▶ [YOUR ASSIGNMENT]
With the pictures left out, set down the line containing "HOMIZEN Brunnenpumpe 370W" and each line after it to the end of the material, exactly as written.

[Start of Attachment]

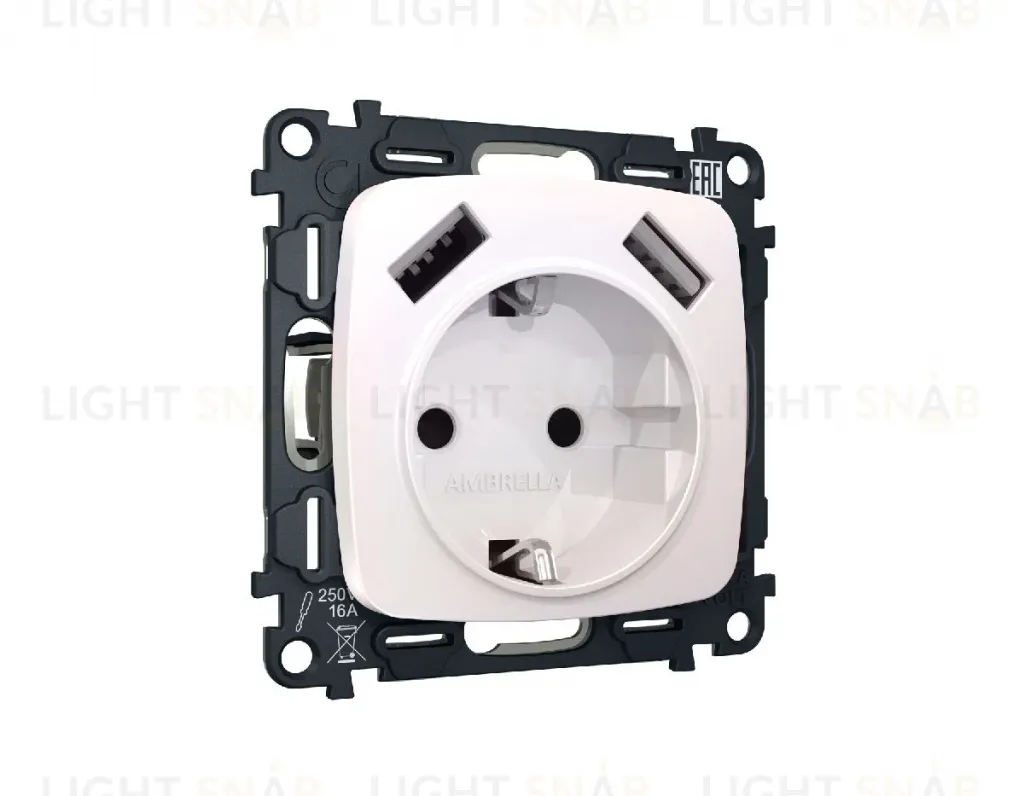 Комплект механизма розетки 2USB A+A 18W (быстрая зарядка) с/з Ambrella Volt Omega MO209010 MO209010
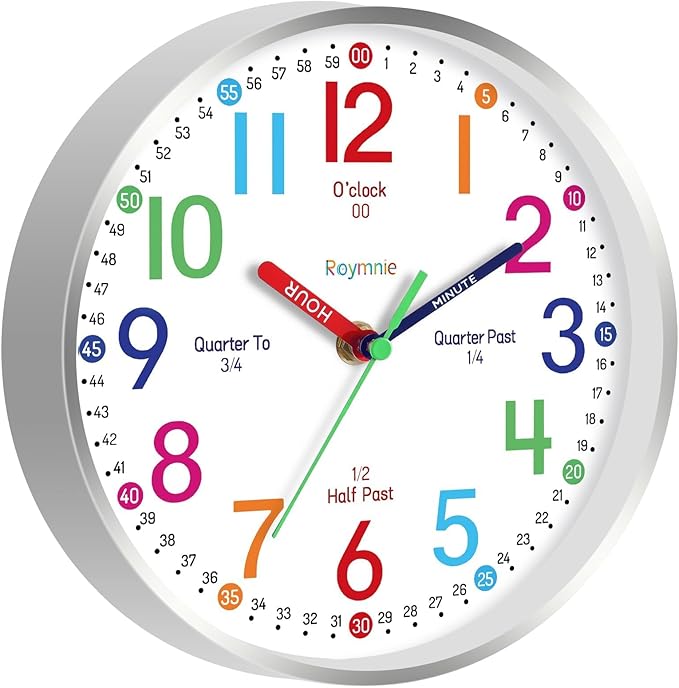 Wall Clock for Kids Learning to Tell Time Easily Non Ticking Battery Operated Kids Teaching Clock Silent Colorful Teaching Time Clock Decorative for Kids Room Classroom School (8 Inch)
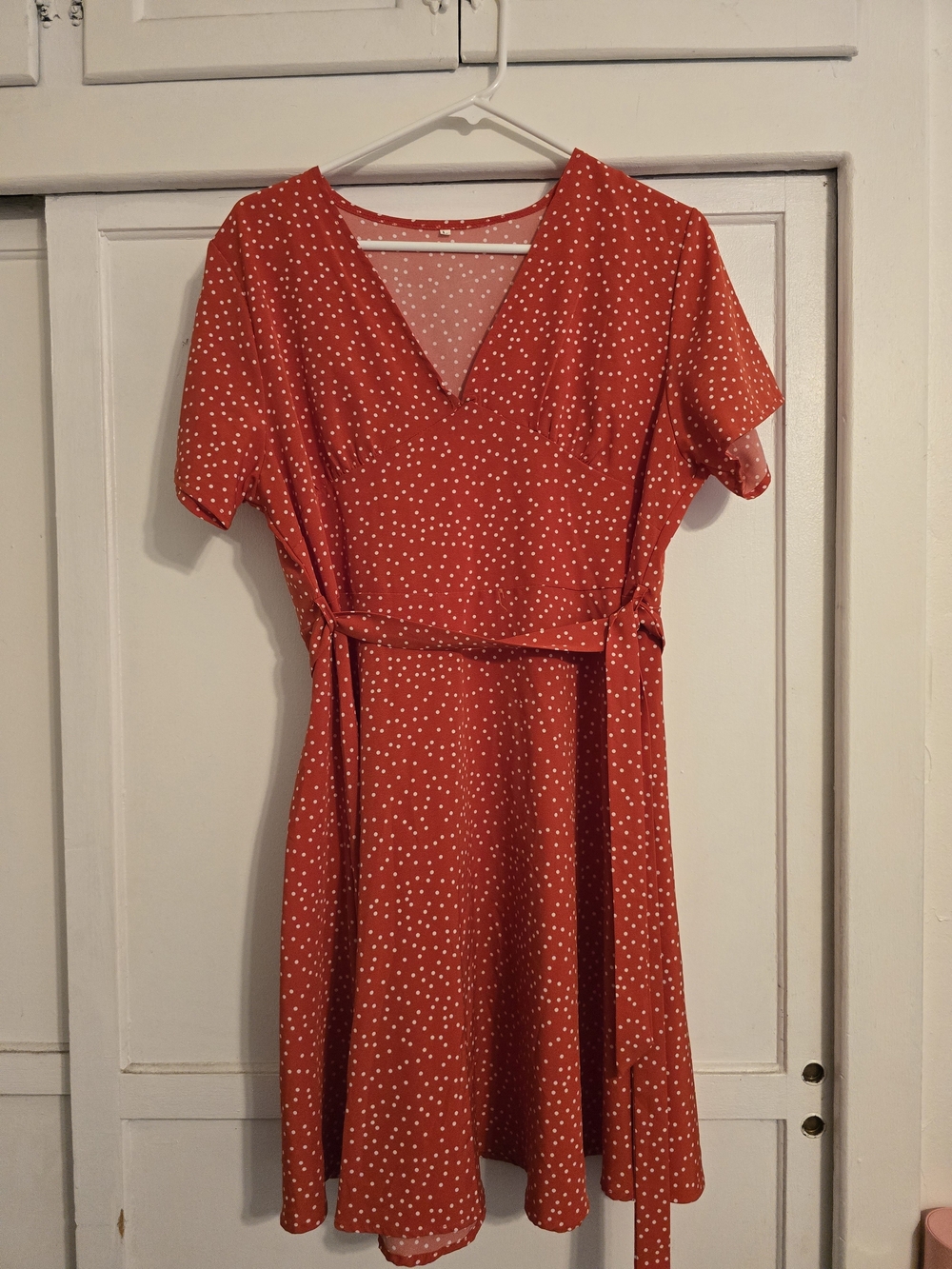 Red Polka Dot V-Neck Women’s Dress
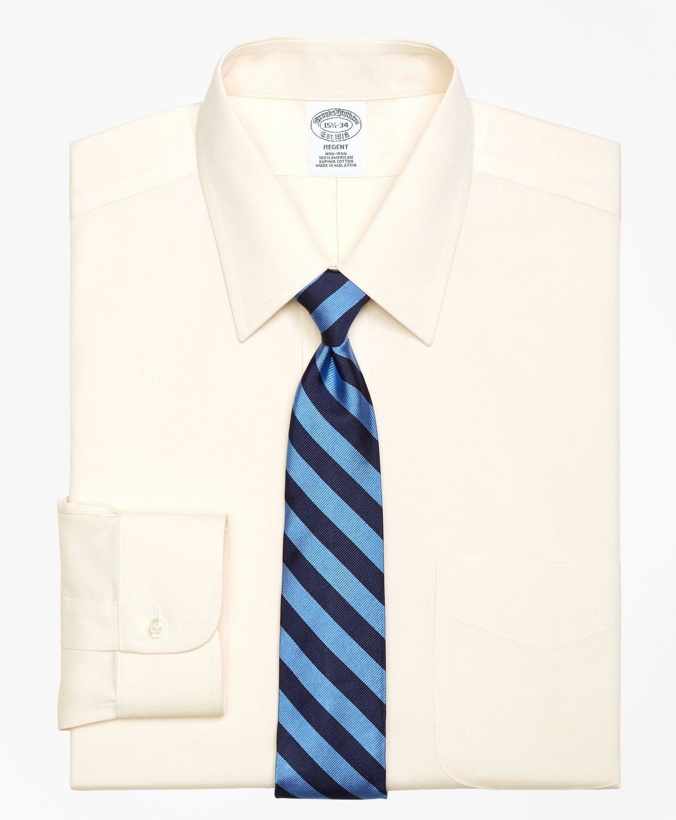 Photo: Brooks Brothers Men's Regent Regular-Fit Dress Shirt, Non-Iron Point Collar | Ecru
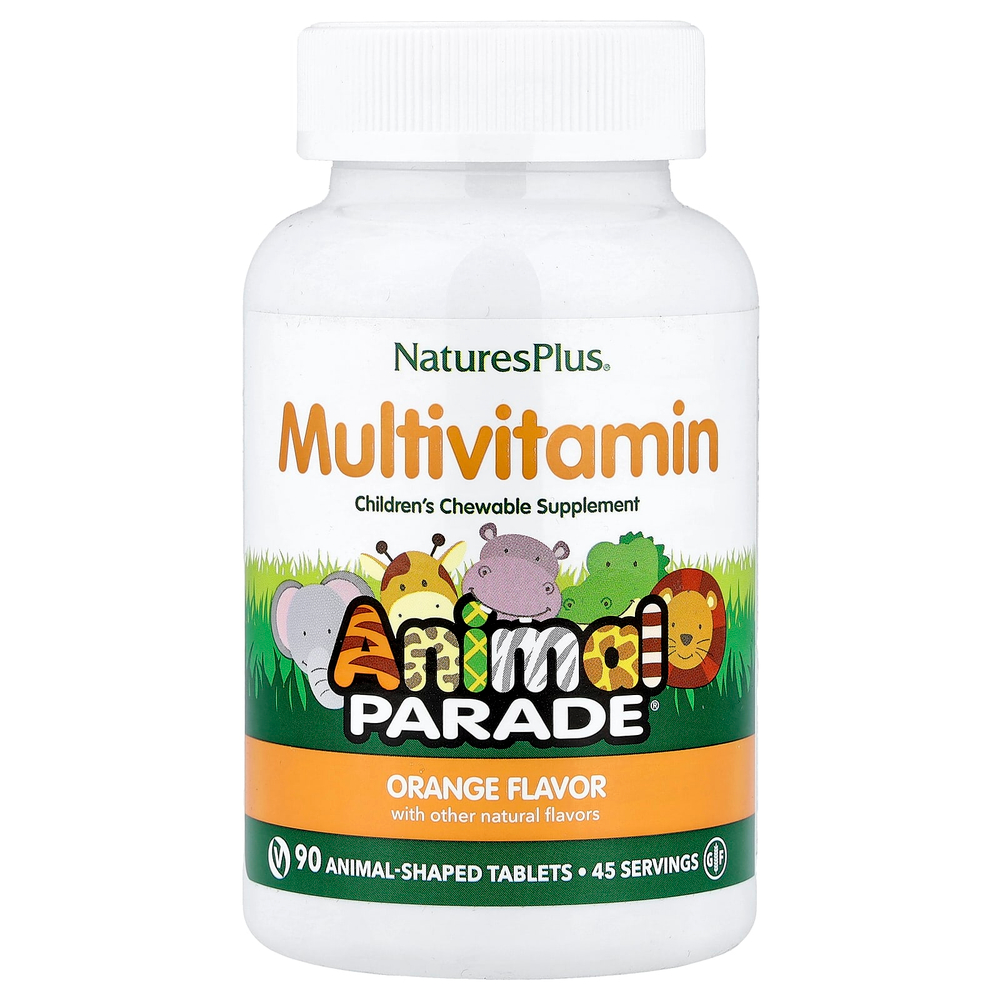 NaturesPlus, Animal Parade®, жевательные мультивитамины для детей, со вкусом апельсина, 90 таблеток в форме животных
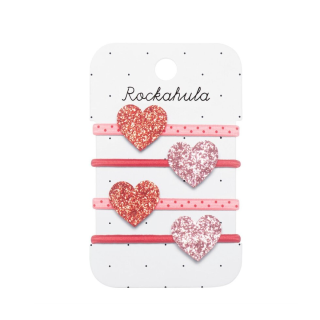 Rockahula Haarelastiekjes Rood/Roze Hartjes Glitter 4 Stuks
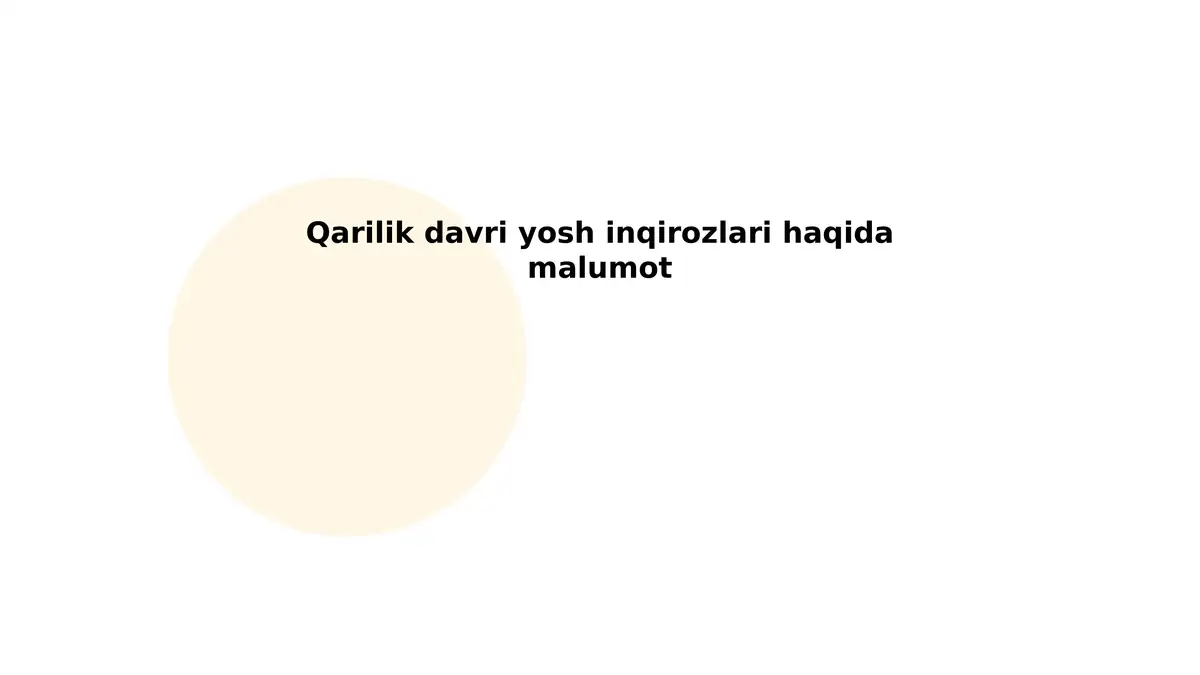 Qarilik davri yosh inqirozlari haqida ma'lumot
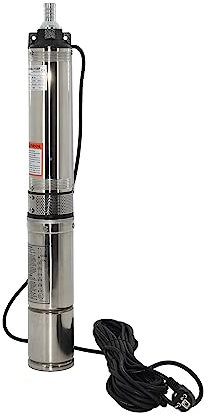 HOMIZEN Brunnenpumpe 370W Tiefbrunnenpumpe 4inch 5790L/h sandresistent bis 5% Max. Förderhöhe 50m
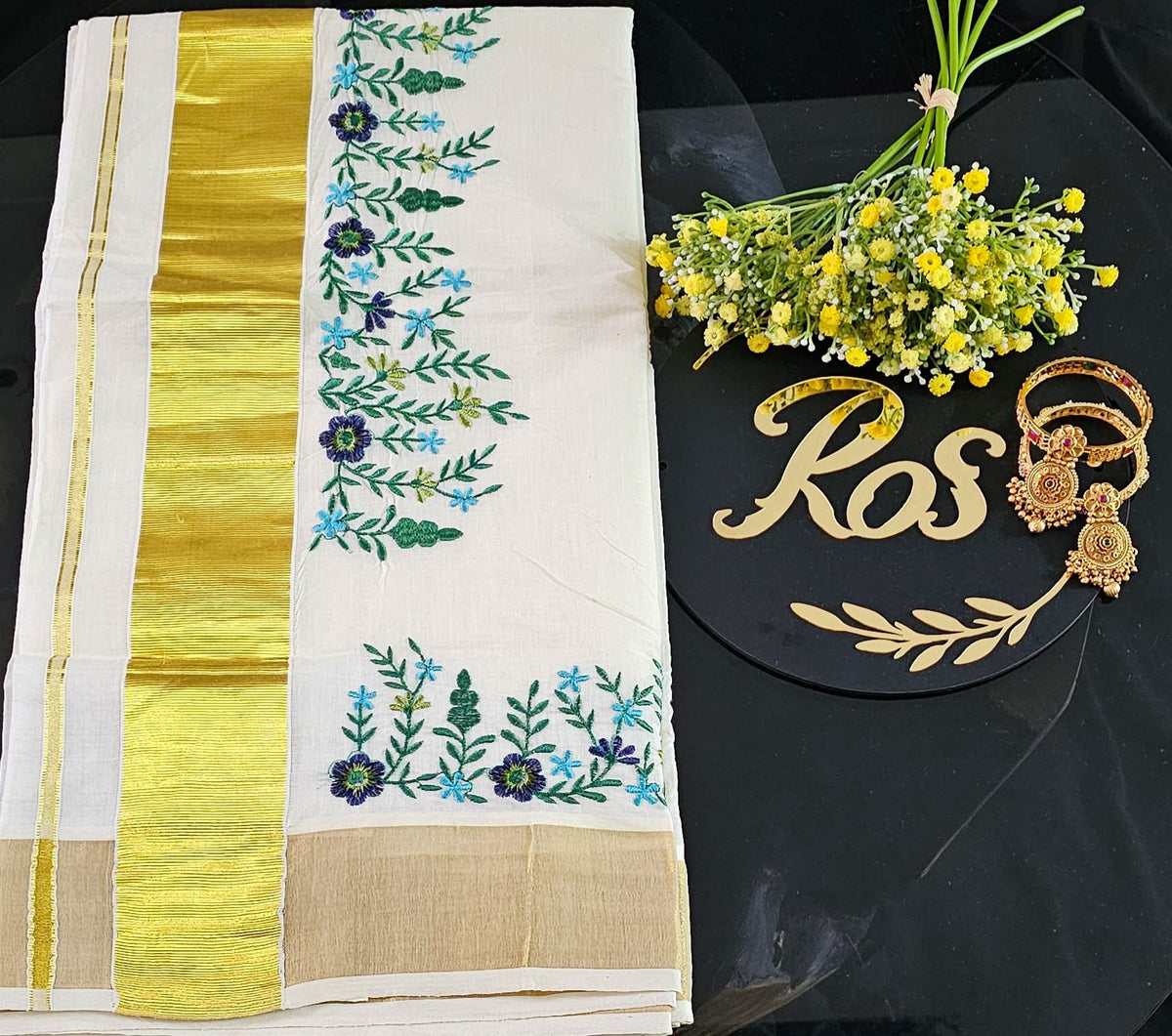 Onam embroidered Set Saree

[End of Attachment]

▶ [RESPONSE AREA]
 HOMIZEN Brunnenpumpe 370W Tiefbrunnenpumpe 4inch 5790L/h sandresistent bis 5% Max. Förderhöhe 50m
 Onam embroidered Set Saree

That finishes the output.